» Exercise:
Please retype the entries below exactly, only from their first line through the line containing "Картридж лазерный Hi-Black", leaving every picture out.

» Records to process:
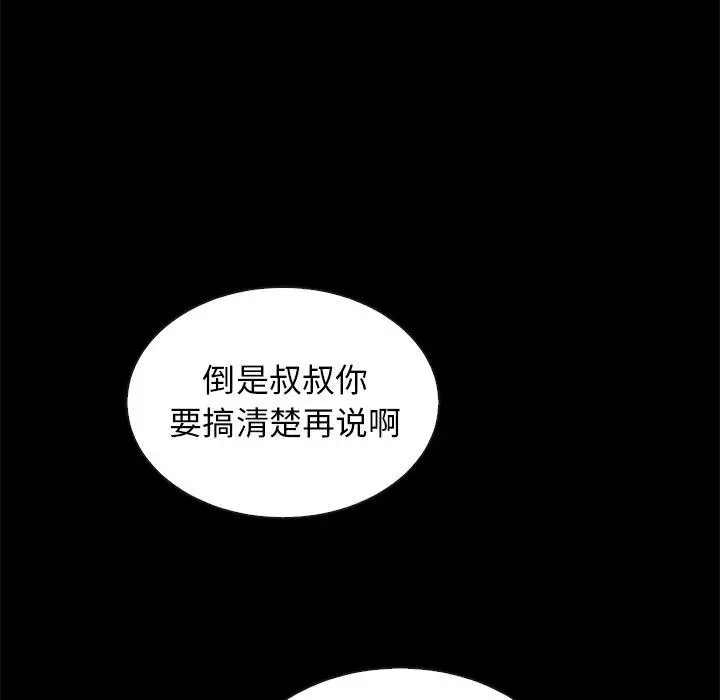 坏血 第23话 第147页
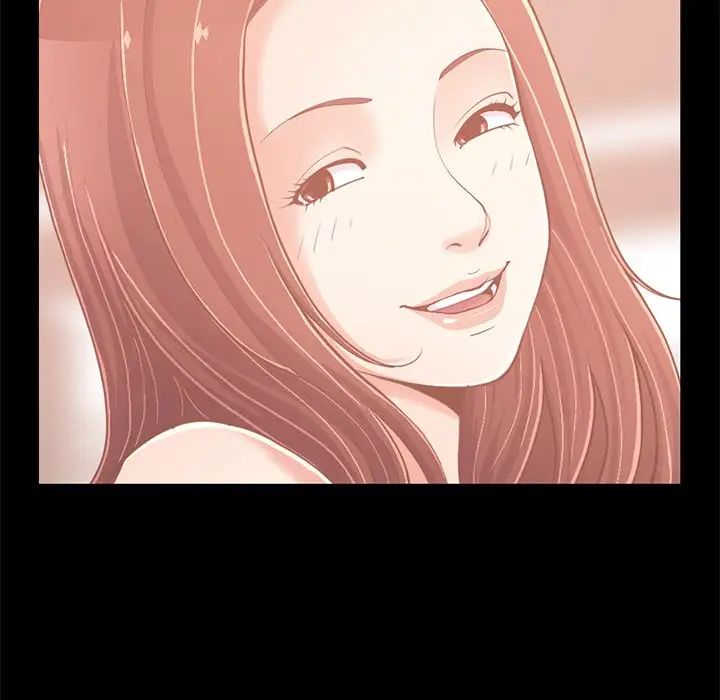 不该有的爱情第27话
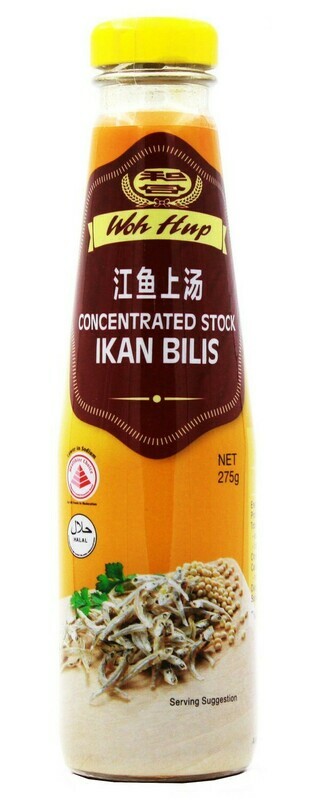 WOH HUP CONCENTRATED STOCK IKAN BILIS 和合江鱼上汤 275G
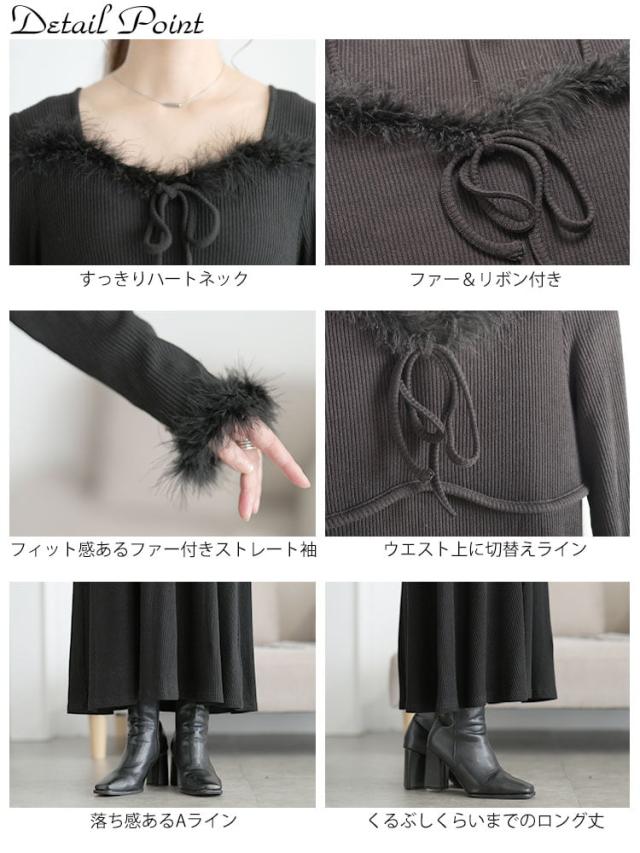 ハートネック&ファー付きリブニットロングワンピース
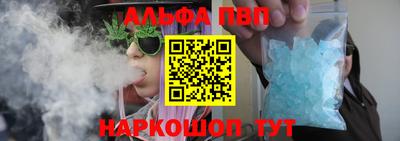 скорость mdpv Моздок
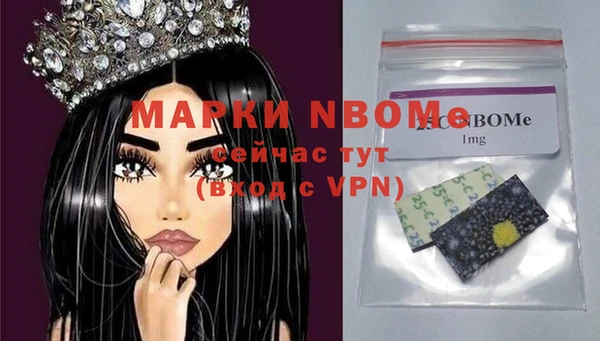 mdpv Алексеевка
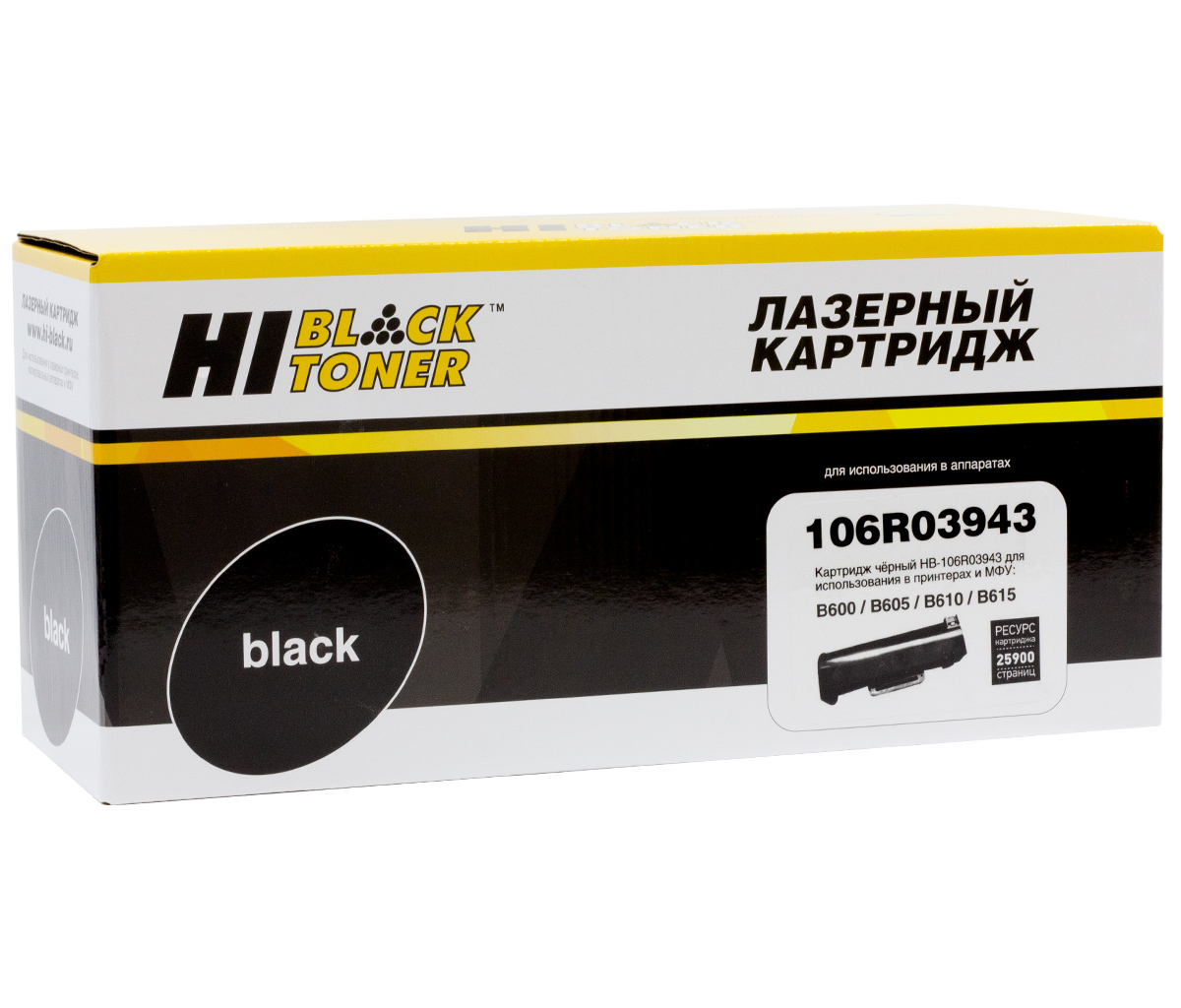 Картридж лазерный Hi-Black HB-106R03943 (106R03943), черный, 25900 страниц, совместимый для Xerox VersaLink B600/B605/B610/B615
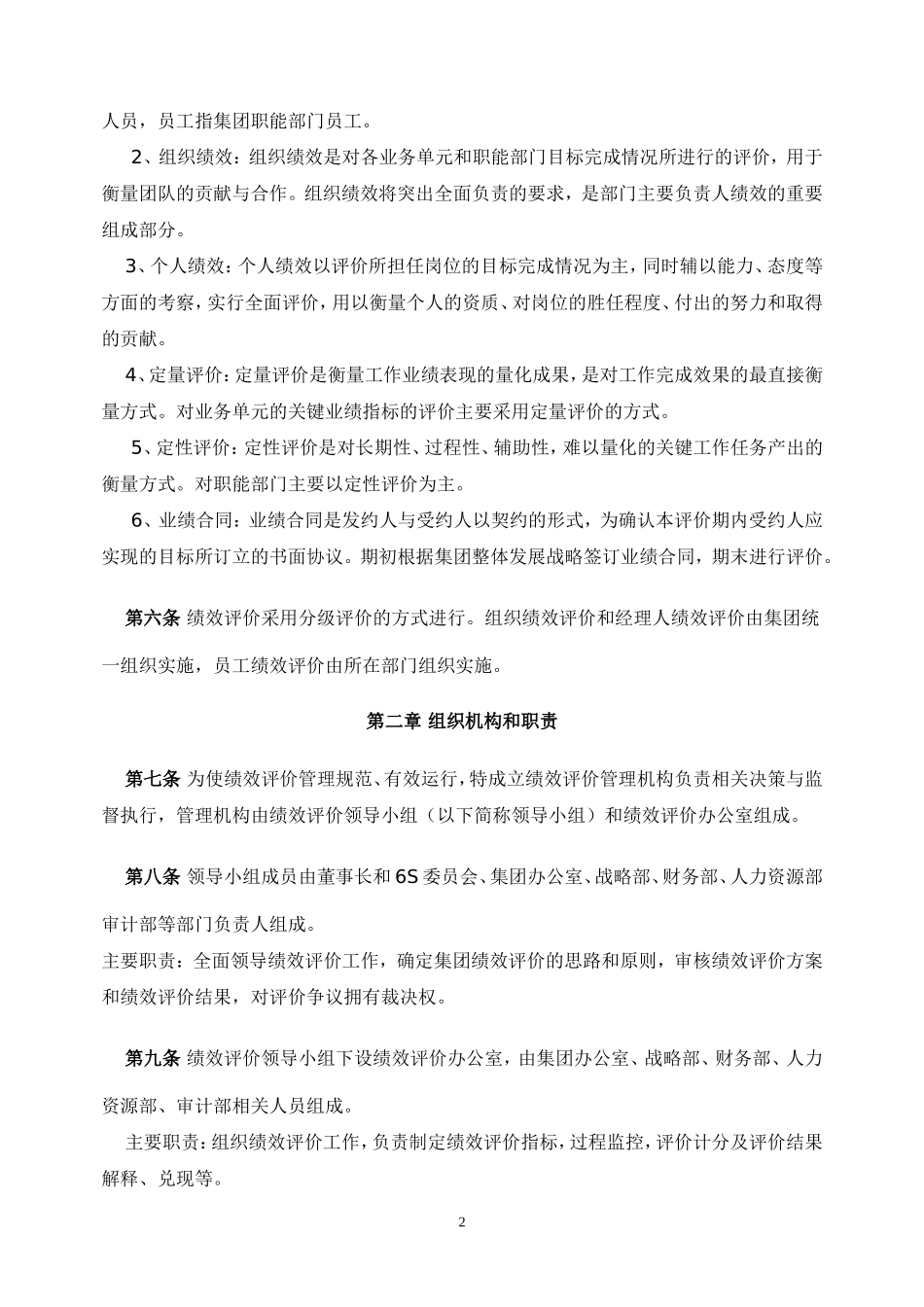 中国粮油食品（集团）有限公司绩效评价管理办法（试行）_第2页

» Solution below:
 坏血 第23话 第147页
 不该有的爱情第27话
 WOH HUP CONCENTRATED STOCK IKAN BILIS 和合江鱼上汤 275G
 ハートネック&ファー付きリブニットロングワンピース
 скорость mdpv Моздок
 mdpv Алексеевка
 Картридж лазерный Hi-Black HB-106R03943 (106R03943), черный, 25900 страниц, совместимый для Xerox VersaLink B600/B605/B610/B615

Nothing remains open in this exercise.